I agree that the behaviour shouldn't be dynamically changed at runtime with
regard to the class being use as a Combiner or a Reducer but someone may
want to produce counters in order to have an overview of what is happening
(sanity check). But you really would like to be able to not aggregate the
same counters between the Combiner and the Reducer. How would someone do
that? ie you can introduce a combine/reduce keyword in the counters name
but how would you detect which instantiation is used in which case? I guess
somehow with the task name it might be possible.. Is there a better way?
BUT if you look at the jobtracker counters summary there is a distinction
between map and reduce values. Maybe it is enough in this case? (I have
never used counters inside a combiner so I don't know.)

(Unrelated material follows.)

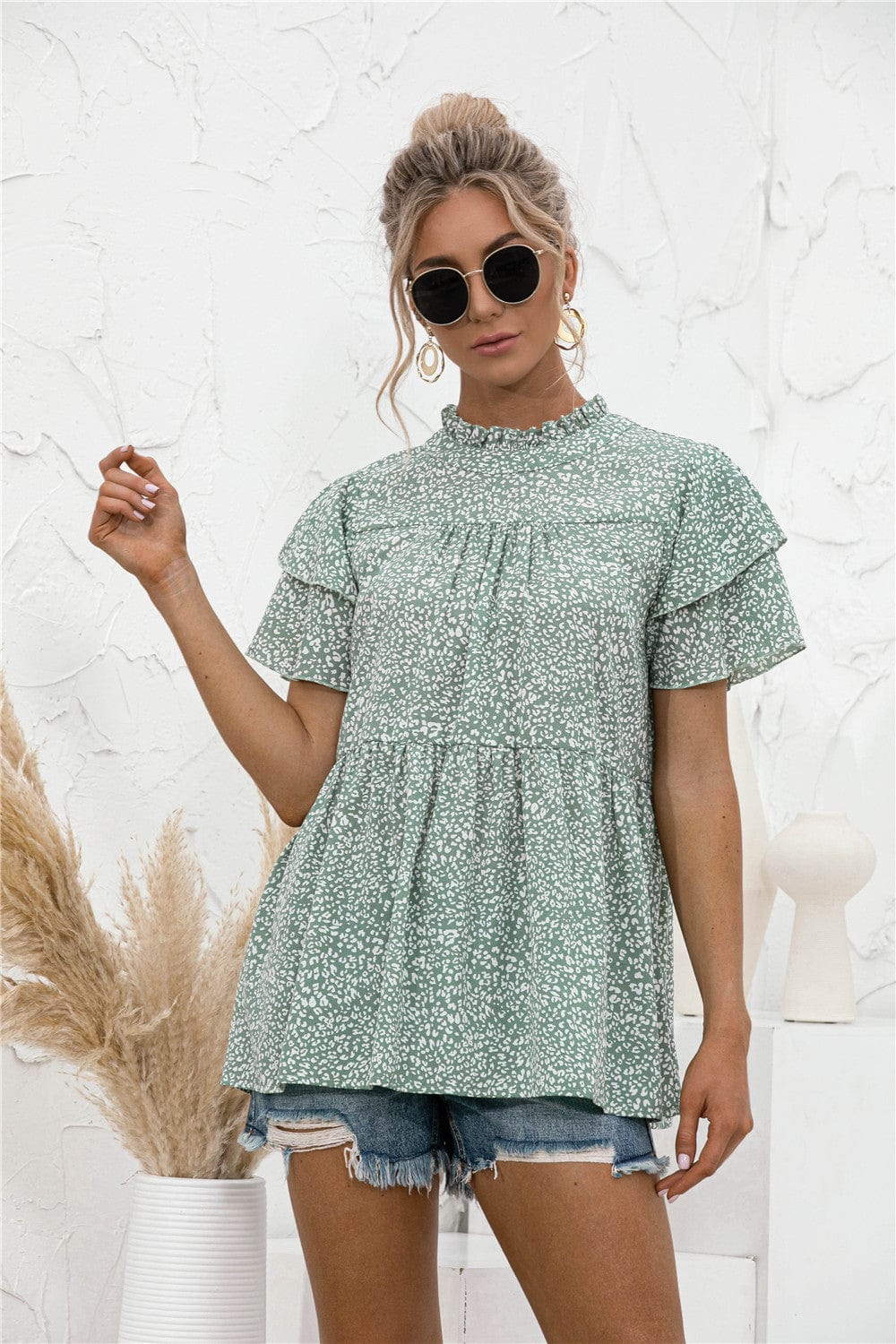 Blusa con mangas escalonadas y estampado animal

On Tue, Nov 6, 2012 at 12:29 PM, Harsh J <[EMAIL PROTECTED]> wrote:
> Hi Prasad,
> My reply inline.
> On Tue, Nov 6, 2012 at 4:15 PM, Prasad GS <[EMAIL PROTECTED]> wrote:
> > Hi,
> > I'm setting my combiner and reducer to the same java class. Is there any
> > that could tell me the context in which the java class is running after
> > hadoop job is submitted to the cluster i.e whether the class is running
> as a
> > combiner or a reducer.
> A combiner may run both at the map end and at the reduce end. Even if
> it is possible to do it, it isn't a healthy idea to have the method's
> logic detect if its running as a reducer or as a combiner.
> > I need this information to change the OutputCollector
> > in the java class. Also I do not want to duplicate the same code as
> > and reducer with only the OutputCollector changed.
> Why do you think it would require duplication? Your logic can be built
> in smaller, independent, reusable functions within the same class, and
> just applied differently for an implementation of Reducer class and an
> implementation of the Combiner class. This way, you repeat nothing.
> > Thanks,
> > Prasad
> Harsh J